Dizzy Dean, Schoolboy Rowe, and Paul Daffy Dean
The 1934 World Series between the Gas House Gang and the Detroit Tigers was billed as the matchup of Arkansas pitching stars, and the first three games played exactly on script, with Dizzy Dean, Schoolboy Rowe, and Paul Dean trading pitching victories. Unfortunately for Rowe, his win took 12 innings and 132 pitches to come to a 3 – 2 conclusion. He was never as sharp the rest of the series and the Cardinals prevailed in seven games, with Dizzy Dean pitching an 11 – 0 shutout in the finale. The Gas House Gang had finished the dream season and caught the imagination of baseball fans everywhere, perhaps nowhere more than in the home state of the Deans, and Schoolboy Rowe.
Few Arkansas fans saw the Gas House Gang in person, but they talked about them like they knew them personally. The games and their conversations about them helped Arkansans through some tough times. They never saw Sportsman’s Park in St. Louis, but they imagined what it looked like. It was green and symmetrical, not unlike the converted cow pasture where they played on Sunday.
They had never seen Dizzy and Paul in person, although most knew someone who had. They knew Diz was tall and lanky, with a shock of unruly dark hair. His uniform didn’t fit quite right and he had a quick country grin. A lot of young men in their community looked like that.
Slaughter scores winning run in 1946 World Series
In the 1940s, Cardinal fans, including those in Arkansas, fell in love with a line-drive-hitting first baseman named Stan Musial. Stan “The Man” played more than 3,000 games as a Cardinal and remains the most beloved Red Bird of all time. He helped Cardinal fans through a world war and teamed with a hard-nosed throwback named Enos “Country” Slaughter to win three World Series.
Some tried to copy Musial’s batting style, left-handed, in an awkward slouch, with his bat pointed straight up. They had seen it on the radio. Our grandpas told us about Musial’s heroics and Slaughter’s mad dash from first base to score the winning run in the 1946 World Series. After all, they were there, listening on the radio.
The 1960s radio generation did not have to see Lou Brock steal 888 bases as a Cardinal, the radio broadcast vividly described the Arkansas native disrupting the opposition with his speed. They heard Harry and Jack describe Bob Gibson’s intimidating presence, before finally getting to see him win two championships on TV. In 1967, local fans celebrated Stephens, Arkansas’ Dick Hughes’ amazing rookie season. Forced into the rotation by injury, Hughes went 16-6 and was instrumental in the championship season.
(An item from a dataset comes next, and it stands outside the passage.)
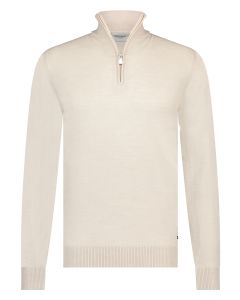 Seven Dials Saul Merino Halfzip Trui – Beige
In the last month of the profoundly trying 2020 season, the Cardinal Nation and major league baseball lost two of the game’s all-time greats with the passing of Lou Brock and Bob Gibson.
Regardless of Arkansas baseball fans’ allegiance to today’s St. Louis Cardinals, the Red Birds are culturally and historically the Arkansas team. They are the team of our great grandfathers, and the legacy of baseball tradition found deep in the roots of our rural past. The stories are fading and somewhat muddled in the retelling. But they remain not only stories about baseball, but also about our heritage.
If you think Clayton Kershaw is tough you should have seen Bob Gibson!